- **Your goal**:
Nothing should appear in the answer except the lines from the one containing "Women's Leopard Blouse 'Rhea'-5769 beige leo" through the end of the listing, repeated exactly.

*-*-*

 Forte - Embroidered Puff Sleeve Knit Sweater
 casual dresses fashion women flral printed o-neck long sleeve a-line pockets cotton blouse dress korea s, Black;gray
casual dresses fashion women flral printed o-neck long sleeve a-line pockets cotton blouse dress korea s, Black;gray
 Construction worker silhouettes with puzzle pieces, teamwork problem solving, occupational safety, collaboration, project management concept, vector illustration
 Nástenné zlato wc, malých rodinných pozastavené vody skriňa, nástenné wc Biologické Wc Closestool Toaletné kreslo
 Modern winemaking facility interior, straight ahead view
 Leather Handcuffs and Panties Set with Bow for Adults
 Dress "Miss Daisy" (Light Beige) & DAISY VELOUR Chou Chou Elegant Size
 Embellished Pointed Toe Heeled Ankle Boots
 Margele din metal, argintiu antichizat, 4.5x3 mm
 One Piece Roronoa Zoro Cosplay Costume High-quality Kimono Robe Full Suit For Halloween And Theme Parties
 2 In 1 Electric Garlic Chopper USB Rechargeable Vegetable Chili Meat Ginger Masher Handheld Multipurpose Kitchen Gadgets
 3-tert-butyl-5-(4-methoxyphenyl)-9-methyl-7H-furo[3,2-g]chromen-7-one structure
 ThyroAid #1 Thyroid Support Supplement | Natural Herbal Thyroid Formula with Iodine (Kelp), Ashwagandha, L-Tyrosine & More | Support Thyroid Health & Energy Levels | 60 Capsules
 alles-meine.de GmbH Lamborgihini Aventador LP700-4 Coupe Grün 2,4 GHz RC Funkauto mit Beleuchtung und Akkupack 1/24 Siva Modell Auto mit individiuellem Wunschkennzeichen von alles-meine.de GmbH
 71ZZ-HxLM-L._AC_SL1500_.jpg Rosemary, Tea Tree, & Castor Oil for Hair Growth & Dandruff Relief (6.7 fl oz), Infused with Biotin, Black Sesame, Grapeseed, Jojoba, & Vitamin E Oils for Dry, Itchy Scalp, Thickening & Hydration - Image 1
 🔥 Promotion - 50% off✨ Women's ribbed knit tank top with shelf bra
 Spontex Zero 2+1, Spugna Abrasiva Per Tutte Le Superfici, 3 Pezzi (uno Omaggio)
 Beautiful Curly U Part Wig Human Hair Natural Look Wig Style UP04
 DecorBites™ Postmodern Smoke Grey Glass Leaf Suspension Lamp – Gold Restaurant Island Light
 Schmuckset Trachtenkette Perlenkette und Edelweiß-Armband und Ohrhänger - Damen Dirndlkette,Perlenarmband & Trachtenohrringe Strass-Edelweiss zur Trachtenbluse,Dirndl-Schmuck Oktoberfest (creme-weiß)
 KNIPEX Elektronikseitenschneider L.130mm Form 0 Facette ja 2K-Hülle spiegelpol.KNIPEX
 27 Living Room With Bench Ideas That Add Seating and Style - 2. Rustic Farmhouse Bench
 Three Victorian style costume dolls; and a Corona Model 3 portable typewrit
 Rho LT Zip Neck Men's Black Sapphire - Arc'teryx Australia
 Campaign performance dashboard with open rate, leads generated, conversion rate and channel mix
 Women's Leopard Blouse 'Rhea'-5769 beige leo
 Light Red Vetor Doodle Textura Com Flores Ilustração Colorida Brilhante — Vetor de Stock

*-*-*

- **Completed task**:
 Women's Leopard Blouse 'Rhea'-5769 beige leo
 Light Red Vetor Doodle Textura Com Flores Ilustração Colorida Brilhante — Vetor de Stock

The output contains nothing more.